L’Indonésie a entrepris une action distincte contre Israël devant la CIJ, alléguant que l’occupation prolongée par Israël du territoire palestinien viole divers principes du droit international, notamment le droit à l’autodétermination. Cette affaire découle de la demande d’avis consultatif de la CIJ formulée par l’Assemblée générale des Nations unies sur les conséquences juridiques des politiques et pratiques d’Israël dans le territoire occupé.

Le Nicaragua a demandé à intervenir dans l’affaire Afrique du Sud/Israël. Il a également adressé un mémorandum au Canada, à l’Allemagne, aux Pays-Bas et au Royaume-Uni, leur réclamant de cesser leur soutien à l’occupation israélienne de la Palestine et la fourniture d’armes.

Les États-Unis accentuent aussi leur pression sur Israël et manifestent des inquiétudes grandissantes quant aux répercussions des opérations militaires israéliennes à Rafah sur les civils. Le 31 janvier, un tribunal fédéral américain a « imploré » le président Joe Biden et son administration d’ « examiner les résultats de leur soutien indéfectible au siège militaire contre les Palestiniens de Gaza », citant la « possibilité que les actions d’Israël puissent constituer un génocide » selon la décision de la CIJ.

Dans le même temps, la Cour pénale internationale (CPI) enquête sur les crimes internationaux commis en Palestine, avec le concours de la Commission internationale indépendante d’enquête, chargée de recueillir et de préserver les preuves des crimes de guerre commis depuis le 7 octobre 2023. La commission s’est engagée à partager ses informations avec la CIJ.

Les organisations non gouvernementales, les médias et d’autres parties prenantes directement concernées par l’affaire Afrique du Sud contre Israël peuvent également engager des procédures judiciaires devant les tribunaux nationaux et régionaux. L’Afrique du Sud négocie actuellement avec d’autres pays qui souhaitent intervenir dans ce litige.
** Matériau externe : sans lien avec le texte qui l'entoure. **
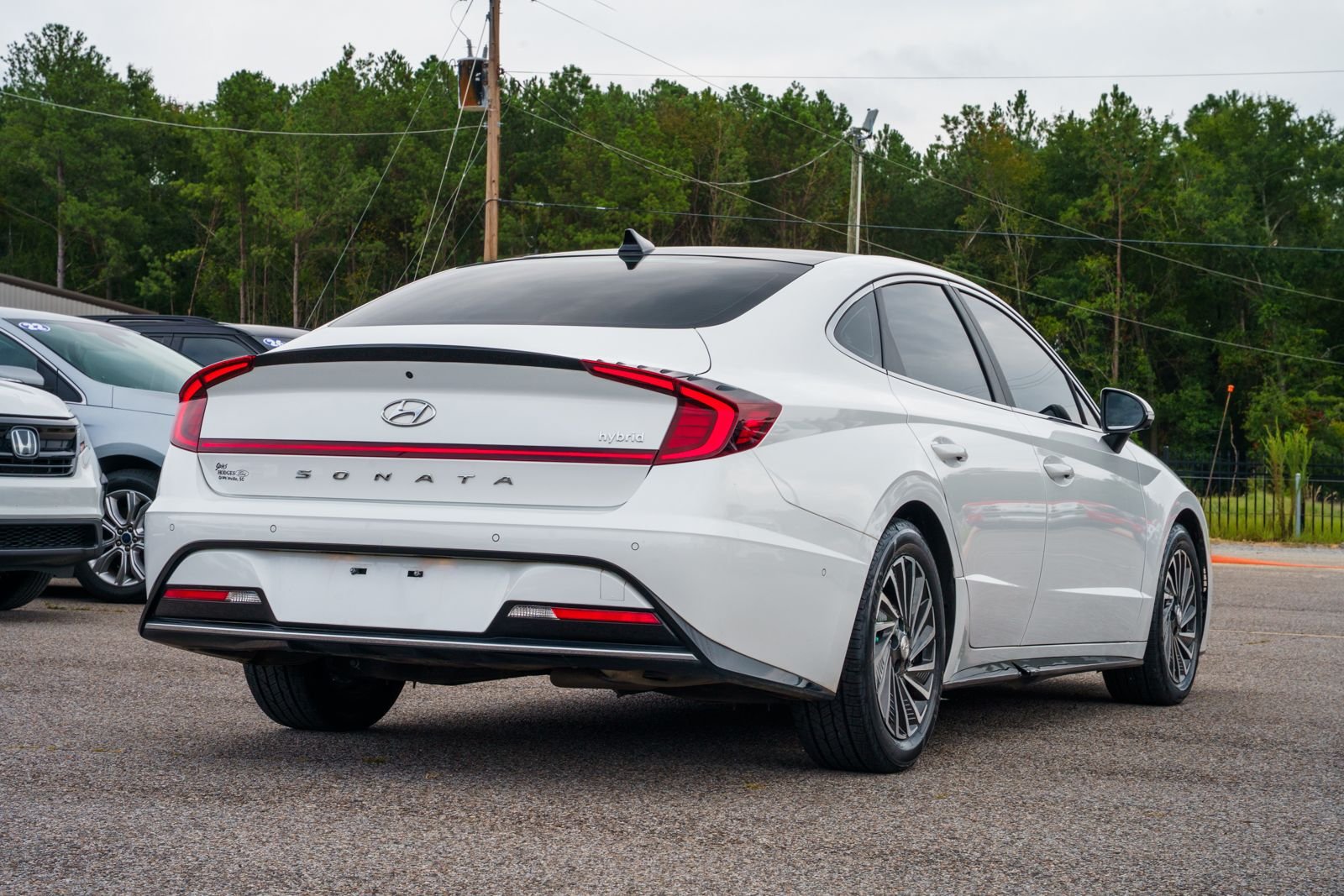 Used 2022 White Hyundai Limited image 7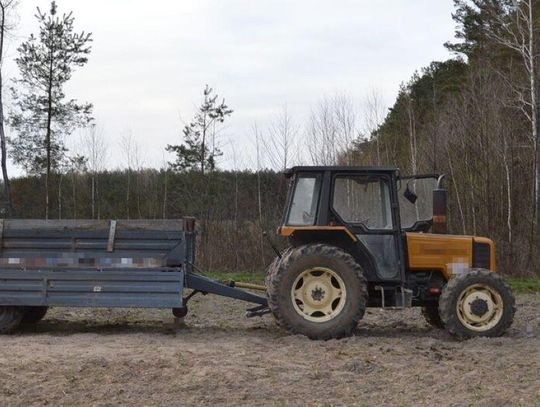 58-latek doznał rozległego urazu jednej z nóg. Ze względu na krytyczny stan mężczyzny i konieczność natychmiastowej operacji, przetransportowano go śmigłowcem do szpitala w Lublinie.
Ils pourraient soumettre leurs propres observations à la CIJ ou se joindre à l’affaire sud-africaine.

Compte tenu du non-respect par Israël des mesures provisoires de la CIJ, d’autres processus complémentaires pourraient le dissuader de poursuivre l’assaut militaire contre Gaza en toute impunité. Ces démarches vont des discussions au sein du Conseil de sécurité des Nations unies aux délibérations de la CIJ sur l’occupation, aux menaces de poursuites devant la CPI, aux initiatives diplomatiques et aux pressions politiques. Il reste toutefois à évaluer leur efficacité.